The power of lettres

Posted by Steve on Apr 08th 2014 in: Beer & Cider, Semiotics 101: how packaging attracts by association

Several Cider Brands on a Supermarket Shelf

Logos are not words, they are symbols. The combination of the word and its meaning, exactly how it is written, and how you choose to frame it, is usually the most powerful signal a brand can send. But why stop there? Too many packs consist of a tired formula: Logo, descriptor and product shot in the ‘right’ hierarchy and layout, robbing them of the chance to tell a powerful brand story with the entire pack.

That’s why packaging and branding should never be separated. The pack is simply the most rich and concentrated form of the brand, because we’re asking people to buy our promise, right here right now.

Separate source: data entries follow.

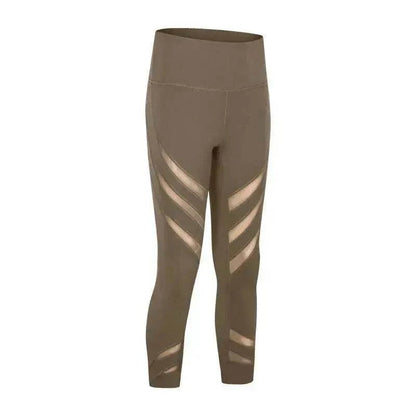Gauze stitching nude stretch gym pants - www.Shopthatapp.com #
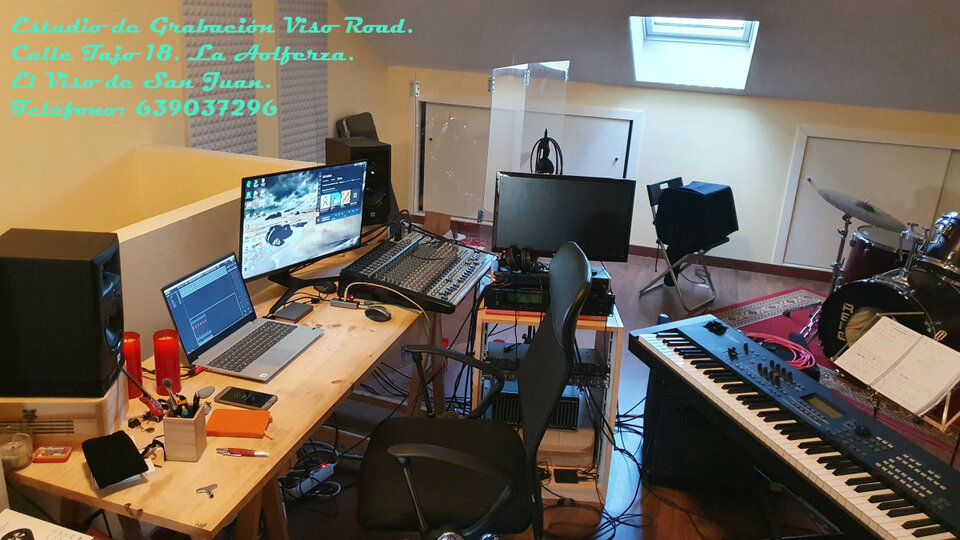 Grabación discos, maquetas, conciertos en directo o ensayos. Videos con IA.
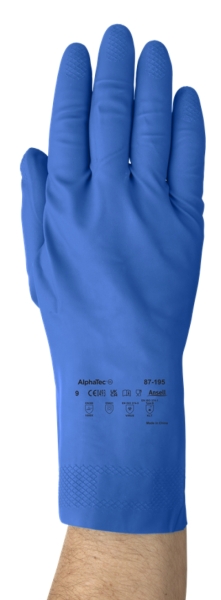 ANSELL-LATEX-ARBEITSHANDSCHUHE, VERSATOUCH, 87-195, blau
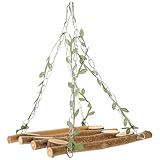 Support pour balançoire à perroquet – son aspect naturel attirera facilement l'attention petits oiseaux et les incitera à jouer. pont pour oiseaux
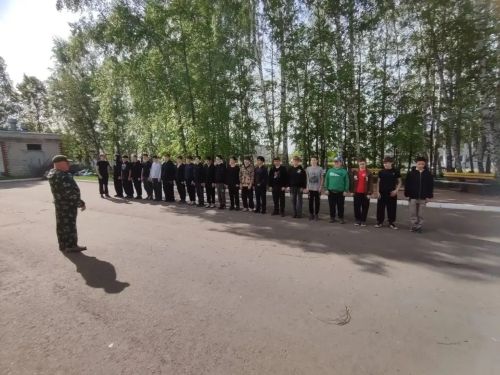 В Тукаевском районе прошли учебные сборы для восьмиклассников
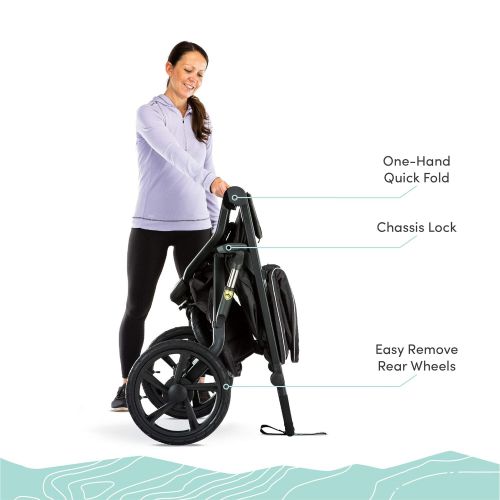 [아마존베스트]BOB Gear Alterrain Jogging Stroller | Quick Fold + Adjustable Handlebar + XL UPF 50+ Canopy, Melange Black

The power of this strategy is evident in this snapshot of the UK’s dynamic cider market: Magners re-booted this category with a new serving ritual and lots of Irish charm several years ago (not much sign of that here). Bulmers copied it for England, and before long cider became ever cooler, with brands like Kopparberg adding some Nordic noir to the mix.

But Stella Artois surprised everyone with the power of swopping two letters and putting on a French accent. Despite being the new kid on the block, Stella uses its packaging to claim the authentic high ground, out-positioning its rivals so that they look like they’re ever so slightly made-up. A big brand showing it understands how to act like a challenger in a new category.